Disruption of Golgi N-glycosylation genes in mice

Whereas MGAT2 deficiency is the only known N-glycan branching defects in humans, nearly all branching Mgat genes have been disrupted in mice. The inactivation of Mgat1 gene leads to embryonic lethality, which is probably related to defective neural tube closure and vascularization defects. The disruption of the Mgat2 gene is associated to perinatal lethality in a mouse strain (129/Sv background) and to survival to the adult stage but with multiple organ dysfunctions in another strain (C57Black/6 background). Mgat2 knockout mice show similar phenotypes to those of MGAT2-CDG patients.

Figure 43. Phenotypes of branching defects in gene knockout mice.

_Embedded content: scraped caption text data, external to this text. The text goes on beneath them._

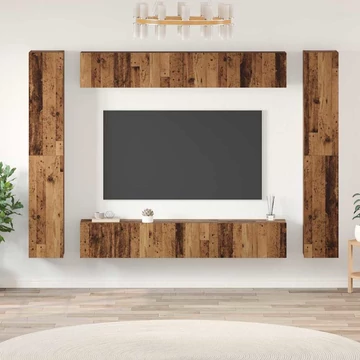 TV szekrény garnitúra 10 pcs Régi fa 30.5 x 30 x 90 cm Faanyag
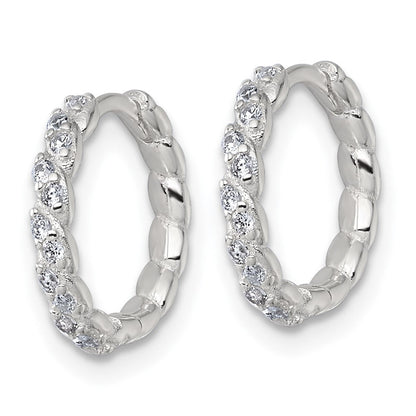 Petite sterling silver twisted CZ huggie hoop earrings alternate view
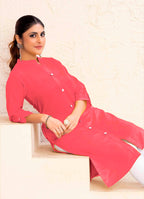 Monjolika Fashion Dark Peach Color Cotton Casual Kurti With Pocket - Distacart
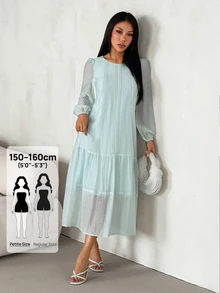 SHEIN PETITE Women's Solid Color Patchwork Petal Sleeve Round Neck Pleated Decor Low Waist Long Dress Everyday Date Sage Green Autumn Modest Elegant,Petite Women - Cadet Blue - View 11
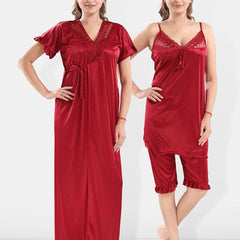 Be You Shoulder Straps Satin Night Suit With Robe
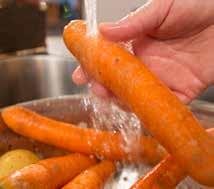 Wash all fresh fruits and vegetables - gently rub them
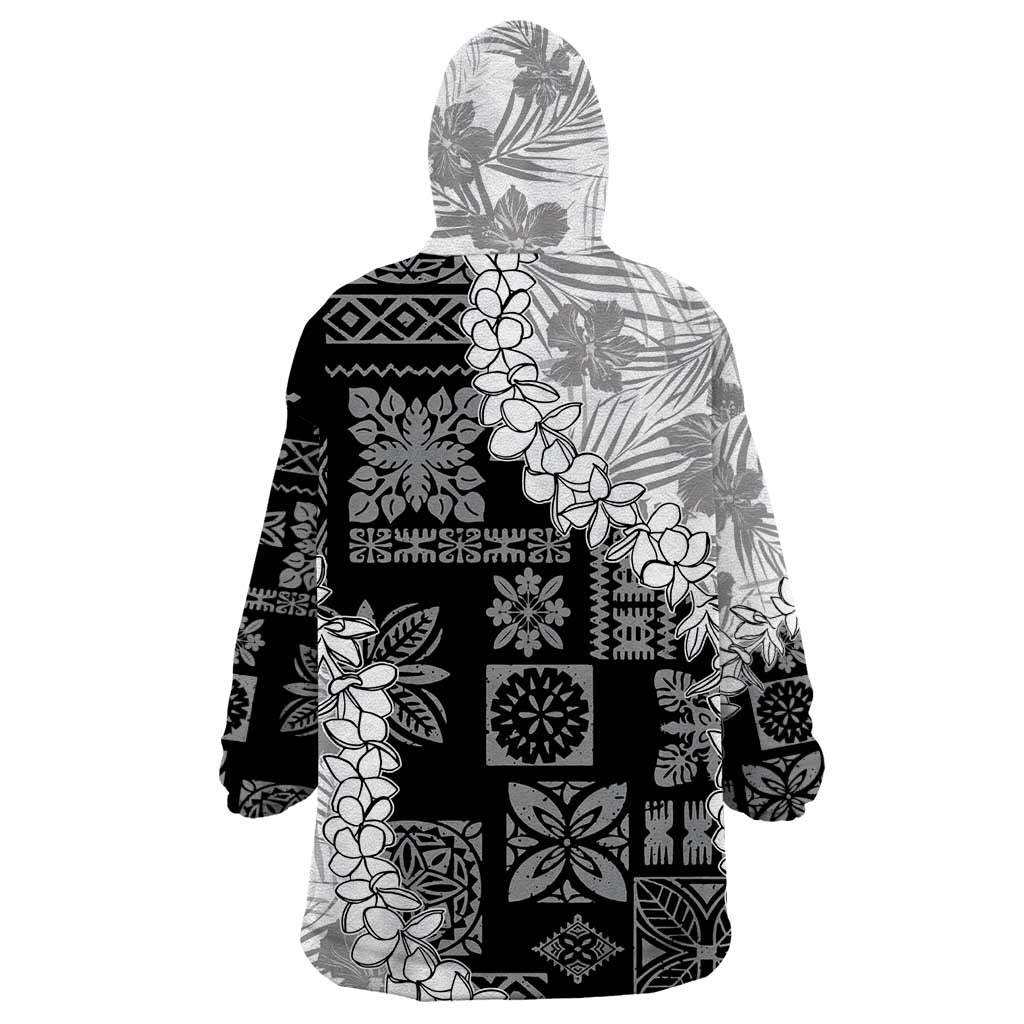 Hawaii Aloha Wearable Blanket Hoodie White Quilt Patch Work Mix Plumeria Lei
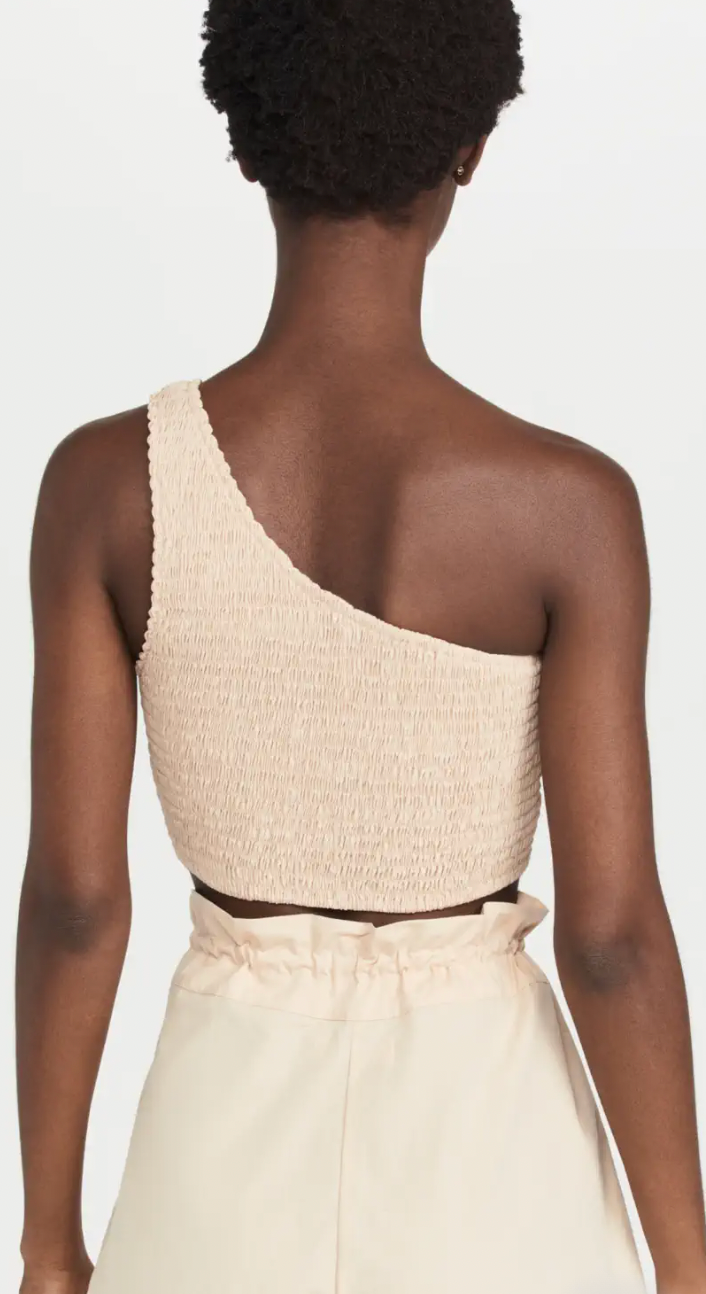 Asymmetrical Smocked Crop Top Size XS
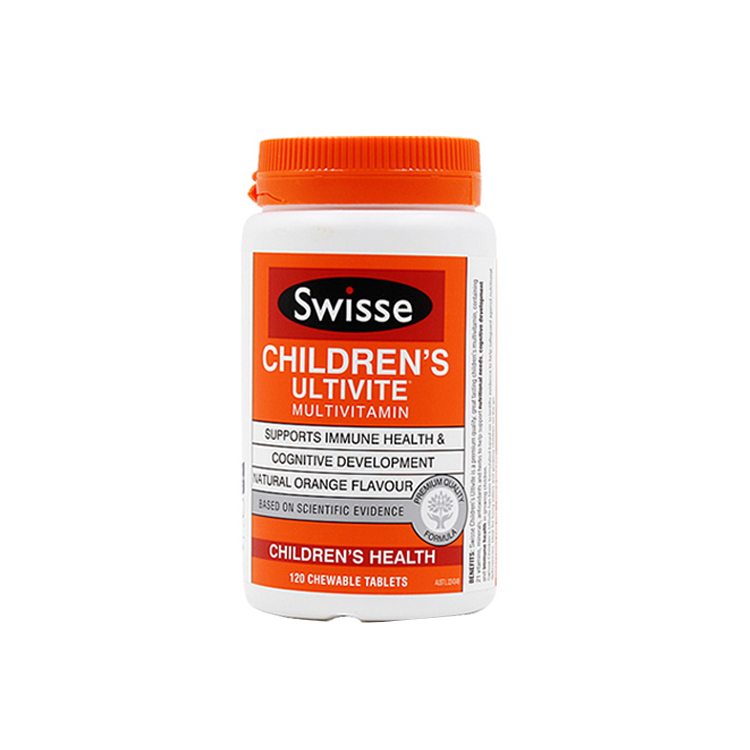澳洲直邮swisse儿童复合维生素咀嚼120片全面平衡营养补充香橙味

The loss of the Mgat3 gene does not impair mouse development and viability. In fact, no phenotype could be identified so far in this mouse knockout model. By contrast, the inactivation of the Mgat4a gene prevents the formation of tri-antennary N-glycans, thereby affecting the stability of glycoproteins like the Glc transporter GLUT2 at the surface of pancreatic b-cells. The decreased presence of GLUT2 at the cell membrane results in Glc insensitivity and to a form of type 2 diabetes. A similar decreased stability of membrane glycoproteins is observed in Mgat5-knockout mice. This instability is caused by increased endocytosis due to reduced interaction of glycoproteins with the galectin lattice at the cell membrane. The alteration of membrane glycoprotein expression results in various alterations in signaling cascades such as exemplified by a T-cell hyperactivity phenotype.

The N-glycans of the gonadotropins follicle-stimulating hormone (FSH) and luteinizing hormone (LH) carry a unique sulfated GalNAc epitope instead of Sia. The sulfated groups are essential for the binding of these hormones to the mannose receptor in the liver. The liver mannose receptor is responsible for the rapid clearance of FSH and LH from the blood circulation, which is critical to maintain a pulsatile stimulation of the gonadotropin receptors on gonad cells.

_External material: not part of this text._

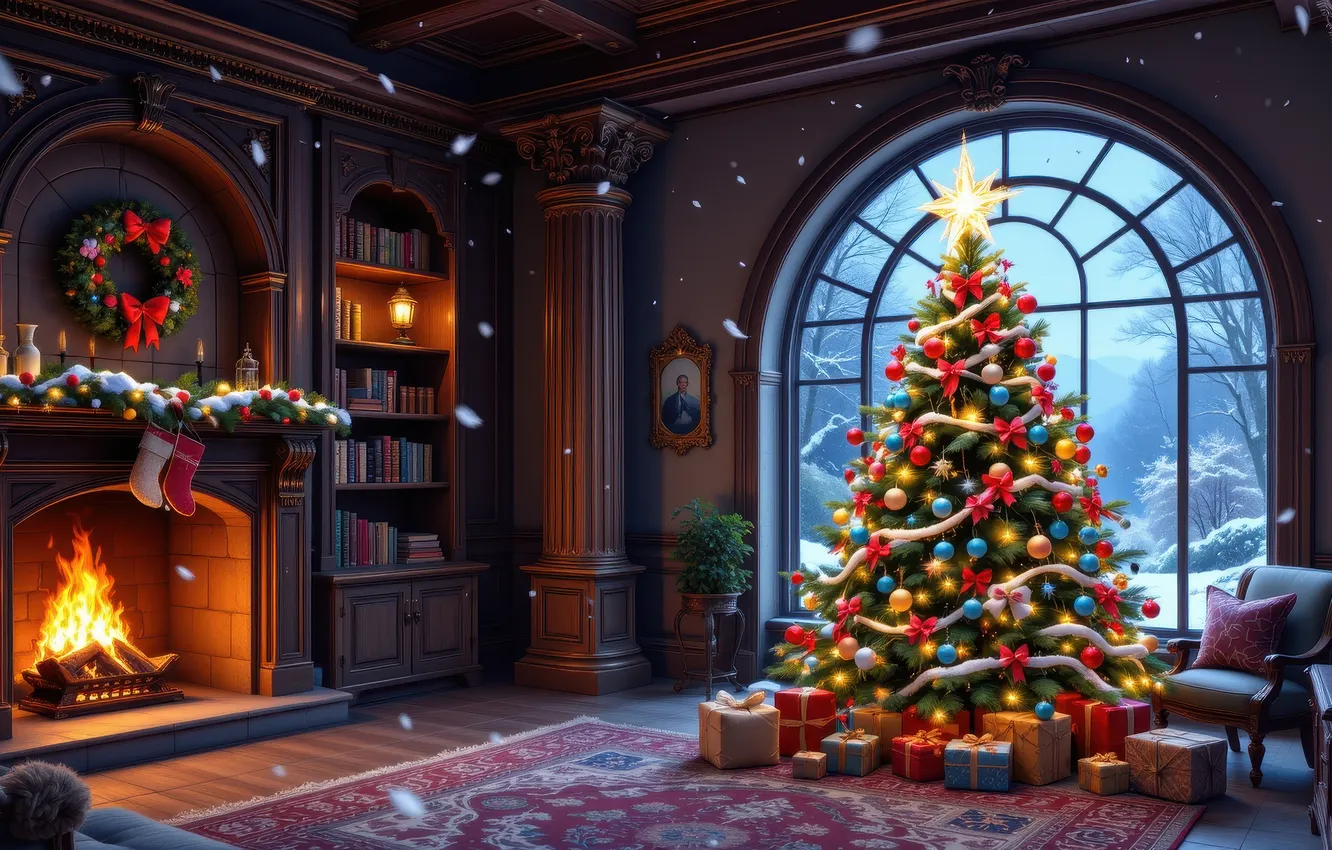 Photo wallpaper winter, balls, snow, room, carpet, furniture, new year, interior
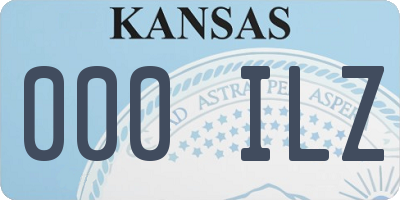 KS license plate 000ILZ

Figure 44. Sulfated GalNAc termini on gonadotropin N-glycans.

In fact, the pulsatile release of gonadotropins by the pituitary gland mediates the hormonal signal to the target cells. The pulsatile release of gonadotropins is stimulated by the peptide hormone GnRH, which is itself secreted by hypothalamic neurons in a pulsatile manner. Alterations in the pulsatile pattern of GnRH and FSH/LH lead to various hormonal disorders ranging from the shut-down of gonadotropin production to abnormal gonadal and gamete development.

The inactivation of the GalNAc-4-sulfotransferase gene in mice impairs the clearance of FSH and LH through the liver mannose receptor, which leads to elevated levels of the gonadotropins in blood. The increased gonadotropin concentrations affect the production of the sexual hormones testosterone, estadiol and progesterone and thereby the development and function of gonads and accessory glands. For example, female mice lacking the GalNAc-4-sulfotransferase gene are constantly ovulating, which also yield litters larger than average.

Another typical feature of Golgi N-glycans is the fucosylation of the GlcNAc core. This step is catalyzed by the α1-6 fucosyltransferase FUT8 gene product. Disruption of the Fut8 gene in mice (see PNAS 102, 15791-15796, 2005) and the corresponding loss of core fucosylation affects the binding of TGFβ to its receptors. This alteration of TGFβ signaling induces the expression of metalloproteinases and decreases the production of extracellular matrix proteins in lungs, which leads to pulmonary emphysema and increased lethality. The mechanisms underlying the regulation of TGFβ binding by core fucosylation are however unclear at this stage.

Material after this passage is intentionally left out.